For goods damaged by a jettison, the measure of compensation is the deterioration in marketable value, properly referable to that cause; and although there may be cases, as of perishable commodities, where it may not be easy to ascertain the quantum with accuracy, yet it is evident that this is a difficulty inherent in the subject, and not fairly attributable to any uncertainty in the rule.

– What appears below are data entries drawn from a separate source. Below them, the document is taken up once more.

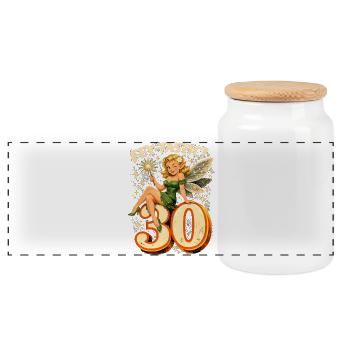 Fey-tastic: Retro 30th Birthday Fairy & Elf - Panoramic Cookie Jar with Wooden Lid - white - Front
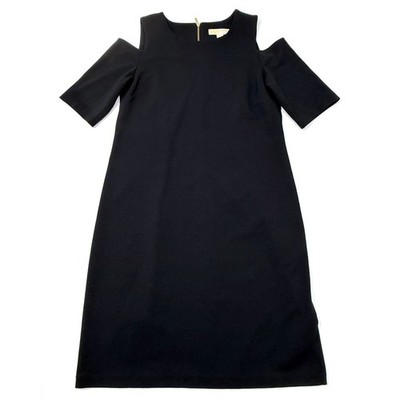 Michael Kors Dress Women's Medium Knee Length Cold Shoulder Short Sleeve Black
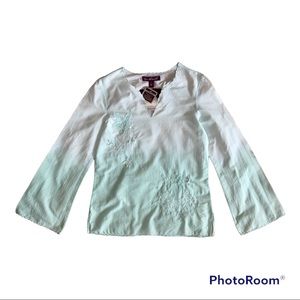 Gloria Vanderbilt Dying Mint Green V-Neck Tunic Top S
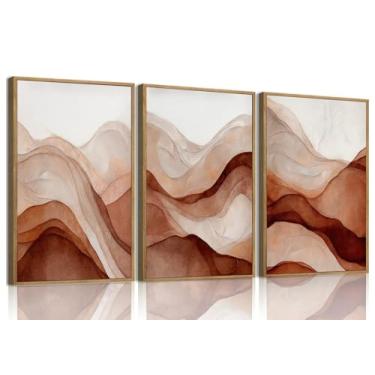 Imagem de myusuar Arte de parede com tinta emoldurada em tela abstrata moderna grande de 3 peças para sala de estar, textura terracota minimalista, decoração de parede, pôsteres para quarto, escritório, 30 x 40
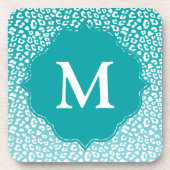Monogram Turquoise Leopard Print Bier Onderzetter (Voorkant)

Damage to the vessel is to be estimated by actual survey, in which great nicety is sometimes requisite for distinguishing how much of the apparent damage is fairly a subject of compensation. Articles which have been replaced, as spars, cables, anchors, or the like, are estimated at their actual cost, without reference to their intrinsic worth; but in all cases of refitting, a customary deduction of one-third is made in respect of the advantage to the owner by the substitution of new materials for old.1

2. The value of the contributory subjects is in like manner ordinarily estimated with reference to the termination of the adventure. Thus, 1st, as to the goods; these, when they reach their destination, are valued for average at their net worth to the consignee, that is to say, at the current price of such goods, deducting the freight, duty, and landing charges. But when the value has been diminished by internal causes, as of corruption or decay, a question arises, whether the estimate should be taken according to their actual worth as damaged, or at the price which they would have fetched if sound; for the determining of which a distinction must be made when the claim is for articles sacrificed, and when it is for disbursements of money. It has been already seen that the right to compensation for the loss of specific articles is contingent upon the ultimate safety of the property benefited by the sacrifice, whereas the right to contribution for disbursements is absolute, creating a debt from the moment when they are made; and as the proper measure of contributory value is the condition of the goods at the time when the obligation attaches, it follows that in the former case they will contribute according to their deteriorated value at the termination of the adventure, whilst in

1 This deduction is not made when the vessel is new; and by the custom of Lloyd's, a vessel is new until she has performed one complete voyage. See Fens wick v. Robinson, Dan. & L. Merc. Cases, p. 8.